O poema abaixo descreve uma série de imagens, objetos e sensações, retratando uma cena estática e fugaz. A ausência de julgamento moral (“amoral, natural”) e a referência a elementos naturais reforçam a ideia de que o poema captura um momento de forma direta e simples.
 
INSTANTÂNEO
 
Raízes, pedras,
restos de unhas
de cotovia
dispersas pelo jardim.
 
Ervas, paus,
casas minuciosas,
pontes de sol e terra.
 
Fios de seiva,
outras águas pequenas, sem sabor, nem fim.
 
Cantigas de fadas
na voz dos anjos
de cima para baixo
como chuva ou ordens.
 
Tudo imóvel,
instantâneo,
amoral, natural,
sem não, sem sim.
 
Este poema aborda questões sociais e a apatia que muitas vezes enfrentamos em face de tragédias e injustiças. A imagem de Sócrates e Cristo sendo envenenados e crucificados diariamente destaca a repetição de sofrimento e injustiça ao longo do tempo. A última estrofe sugere uma resignação aprendida, indicando que nos adaptamos a essa realidade.
 
DOCE REVOLTA
 
Todos os dias envenenam Sócrates.
Todos os dias se crucificam Cristos.
Todos os dias se fecham teatros para abrir circos.
Todos os dias se gaseiam inocentes.
 
Às vezes ao longe, outras defronte de nós,
todos os dias olhamos para isto,
enquanto comemos o nosso croissant.
 
Aprendemos a viver assim.
Aprendemos a dormir assim,
esperando acoitados
que os deuses da fortuna não se lembrem de nós.

 

 

Luís Palma Gomes (1967) – Lisboa – Estudou Engenharia Informática e Ensino da Informática na Universidade de Lisboa.Durante a sua juventude, escreveu e publicou poesia para coletâneas, suplementos e jornais. Pertence ao Teatro Passagem de Nível da Amadora onde foi ator, sendo atualmente autor/dramaturgo residente do grupo, tendo levado a palco três peças suas: “A Moura”, “Desnível Bar 2” e o “Último castro antes de Roma”. Venceu o 7º Concurso de Poesia Santo António da Charneca e 4º Concurso de Haicai de Toledo – Kenzo Takemori.

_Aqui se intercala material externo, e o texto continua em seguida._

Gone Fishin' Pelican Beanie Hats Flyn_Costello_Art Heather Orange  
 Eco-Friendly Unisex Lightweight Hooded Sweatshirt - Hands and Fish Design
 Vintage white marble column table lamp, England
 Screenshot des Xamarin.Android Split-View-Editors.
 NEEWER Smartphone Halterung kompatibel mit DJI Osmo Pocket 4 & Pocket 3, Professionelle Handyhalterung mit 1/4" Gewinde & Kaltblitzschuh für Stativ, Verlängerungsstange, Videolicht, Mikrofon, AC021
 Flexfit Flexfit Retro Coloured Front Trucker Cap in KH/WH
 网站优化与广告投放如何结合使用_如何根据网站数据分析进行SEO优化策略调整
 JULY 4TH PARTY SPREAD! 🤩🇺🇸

Atualmente escreve, sobretudo poesia e teatro, aventurando-se também como contista. Publicou dois livros de poesia, uma peça de teatro e um livro de contos. Alguns deles podem ser encontrados na Amazon.com. É professor de Informática na Escola Profissional de Imagem.
 
Solange Firmino (1972) – Rio de Janeiro – Tem Licenciatura em Português e Literatura pela UERJ. Trabalhou com Jardim de Infância, Ensino Fundamental, Ensino Médio e Sala de Leitura em Escolas Municipais e Estaduais do Rio de Janeiro. Venceu o Prêmio Literário da Fundação Cultural do Estado do Pará com um livro de haicais e o 2º lugar no Prêmio da Biblioteca Pública do Paraná, na categoria Literatura Infantil. Possui 7 livros de poesia publicados.

 

 

 

 

Respostas de 5

  1. Parabéns, Solange. Além de seres uma poeta que muito aprecio, sabes ler poesia e analisá-la com o rigor que as palavras te pedem. Compreendo que o Luís Palma Gomes tenha gostado muito da tua análise.
    Um beijo.

  2. Fico muito grato, Solange, pela a sua análise aos meus poemas do "Fronteira". Resumem e revelam uma leitura madura. Obrigado Jandira, por esta oportunidade em Amaité Poesia & Cia.. Obrigado, Graça e Jaime pelos comentários.